Since maintaining the primary server's health and functionality is a priority, in such edge cases, the replication slot might be dropped to ensure the primary server remains operational for read and write traffic. So, replication switches to file-based log shipping mode, which could result in a higher replication lag.
It's essential to monitor storage usage and replication lag closely and take necessary actions to mitigate potential issues before they escalate.
When a read replica is created, it inherits the server parameters from the primary server. This is to ensure a consistent and reliable starting point. However, any changes to the server parameters on the primary server made after creating the read replica aren't automatically replicated. This behavior offers the advantage of individual tuning of the read replica, such as enhancing its performance for read-intensive operations without modifying the primary server's parameters. While this provides flexibility and customization options, it also necessitates careful and manual management to maintain consistency between the primary and its replica when uniformity of server parameters is required.
Administrators can change server parameters on the read replica server and set different values than on the primary server. The only exception is parameters that might affect the recovery of the replica, mentioned also in the "Scaling" section below: max_connections
, max_prepared_transactions
, max_locks_per_transaction
, max_wal_senders
, max_worker_processes
. To ensure the read replica's recovery is seamless and it doesn't encounter shared memory limitations, these particular parameters should always be set to values that are either equivalent to or greater than those configured on the primary server.
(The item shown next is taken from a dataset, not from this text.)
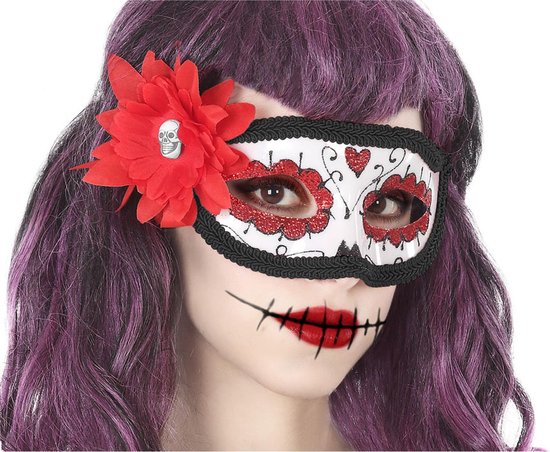 ATOSA - Dia de los Muertos masker met rode bloem voor volwassenen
You're free to scale up and down compute (vCores), changing the service tier from General Purpose to Memory Optimized (or vice versa) and scaling up the storage, but the following caveats do apply.
For compute scaling:
-
Azure Database for PostgreSQL flexible server requires several parameters on replicas to be greater than or equal to the setting on the primary to ensure that the replica doesn't run out of shared memory during recovery. The parameters affected are:
max_connections
,max_prepared_transactions
,max_locks_per_transaction
,max_wal_senders
,max_worker_processes
. -
Scaling up: First scale up a replica's compute, then scale up the primary.
-
Scaling down: First scale down the primary's compute, then scale down the replica.
-
Compute on the primary must always be equal or smaller than the compute on the smallest replica.
For storage scaling:
-
Scaling up: First scale up a replica's storage, then scale up the primary.
-
Storage size on the primary must be always equal or smaller than the storage size on the smallest replica.